THE DATA -

┌──

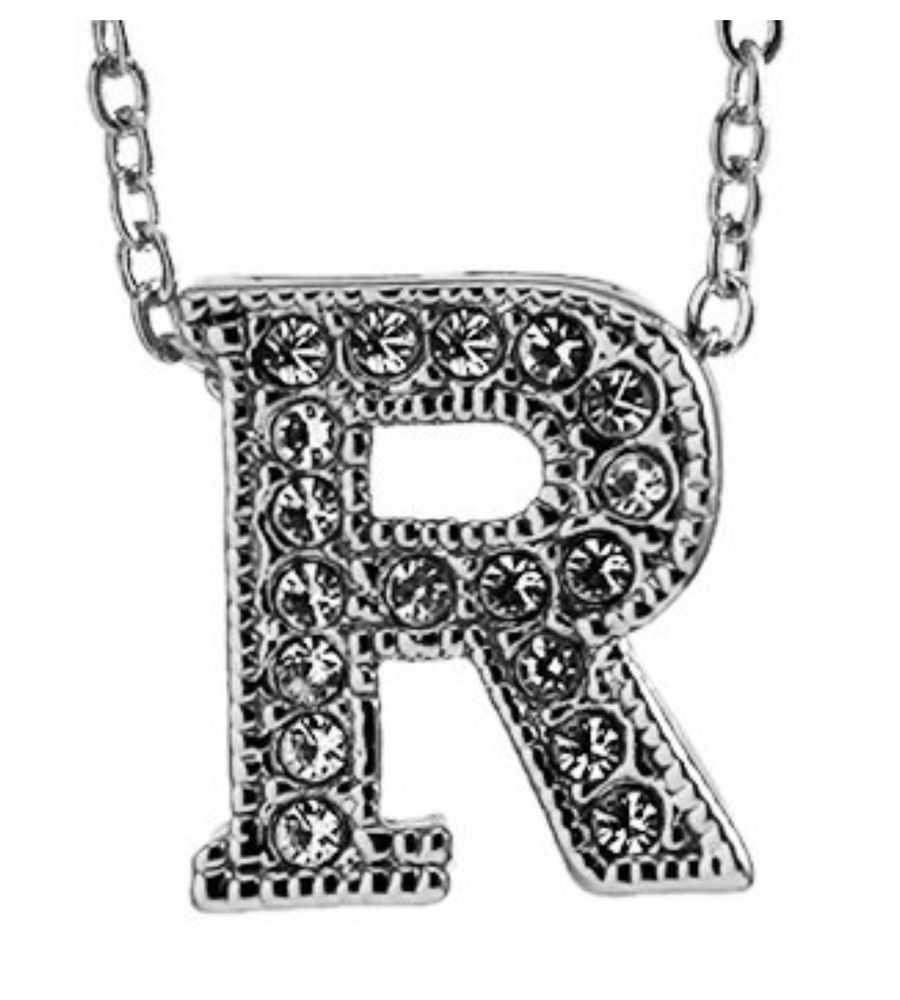 Valentine Gifts :YouBella Jewellery Alphabet Letter R Unisex Pendant/Necklace for Women/Girls/Boys/Men (Silver)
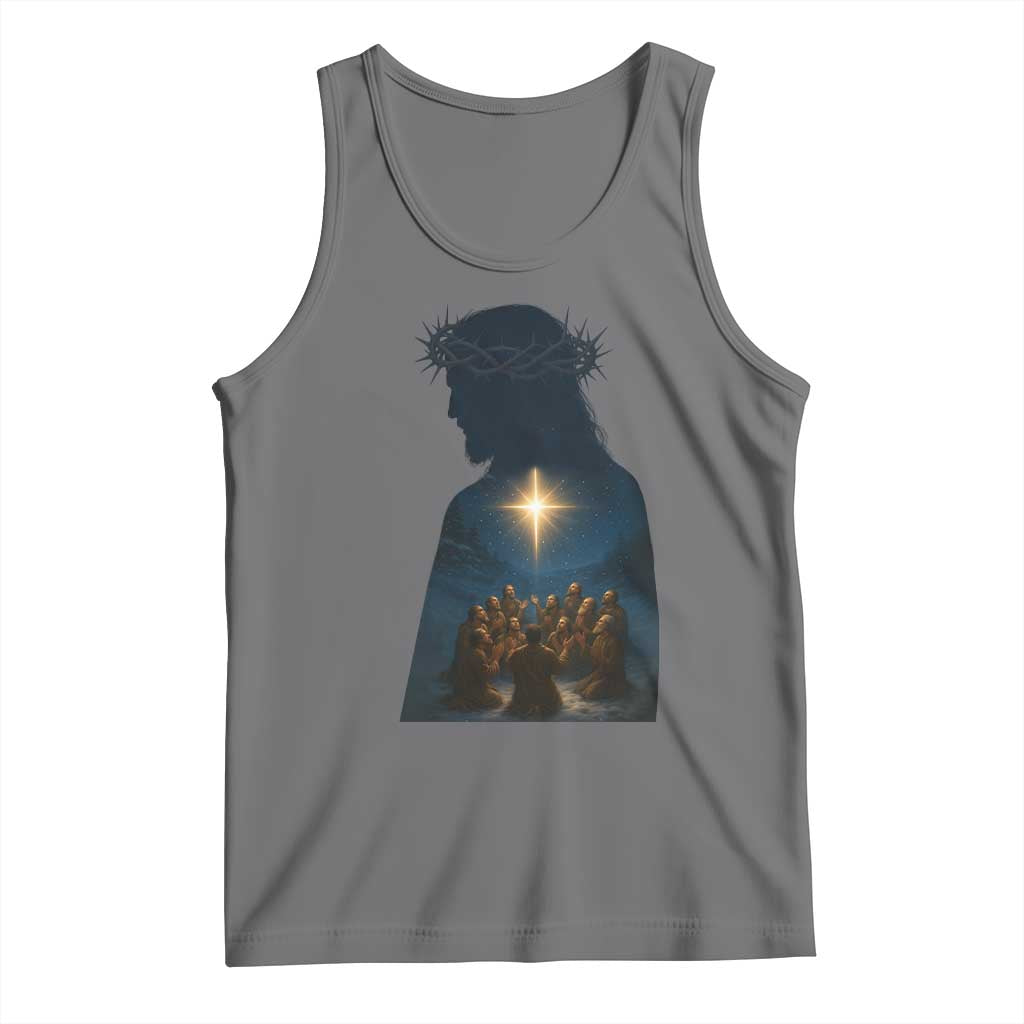 Jesus Christian Christmas Tank Top Christian Saints Praying Under The Star of Bethlehem TS14 Black Heather Print Your Wear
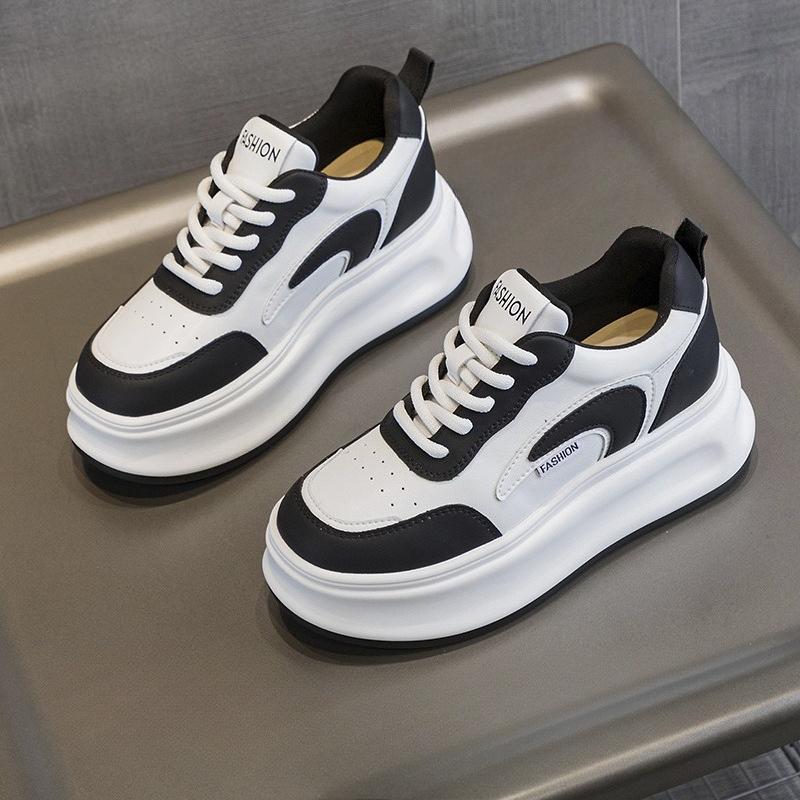 

Увеличивающие рост Торт Толстоподошвенные Дышащие Повседневные Женские Туфли 40 чёрный/белый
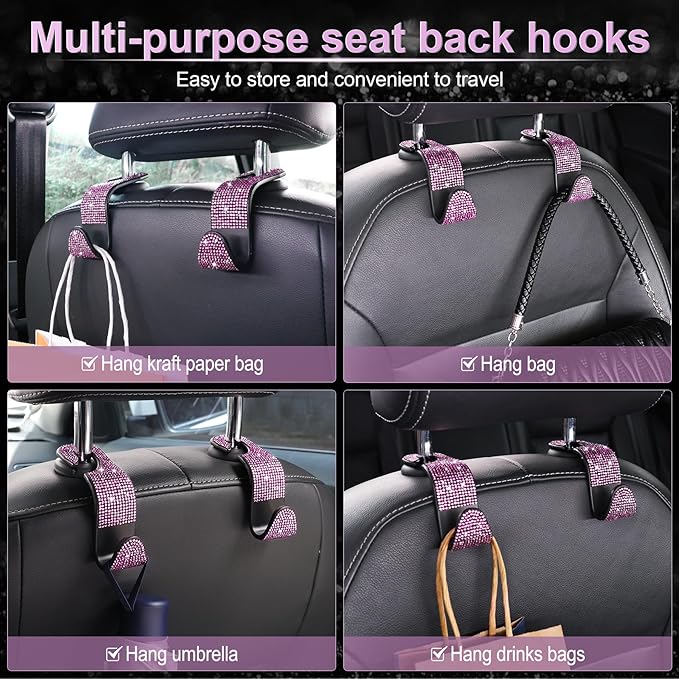 LivTee Car Seat Headrest Hook, Auto Seat Hook Hangers Storage Organizer Interior Accessories for Purse Coats Umbrellas Grocery Bags Handbag, 4-Pack(Bling Pink)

└──

EXERCISE AIM - Transcribe the material exactly, leaving every picture out.

RESULT FOR THIS EXERCISE -
 Valentine Gifts :YouBella Jewellery Alphabet Letter R Unisex Pendant/Necklace for Women/Girls/Boys/Men (Silver)
 Jesus Christian Christmas Tank Top Christian Saints Praying Under The Star of Bethlehem TS14 Black Heather Print Your Wear

Увеличивающие рост Торт Толстоподошвенные Дышащие Повседневные Женские Туфли 40 чёрный/белый
 LivTee Car Seat Headrest Hook, Auto Seat Hook Hangers Storage Organizer Interior Accessories for Purse Coats Umbrellas Grocery Bags Handbag, 4-Pack(Bling Pink)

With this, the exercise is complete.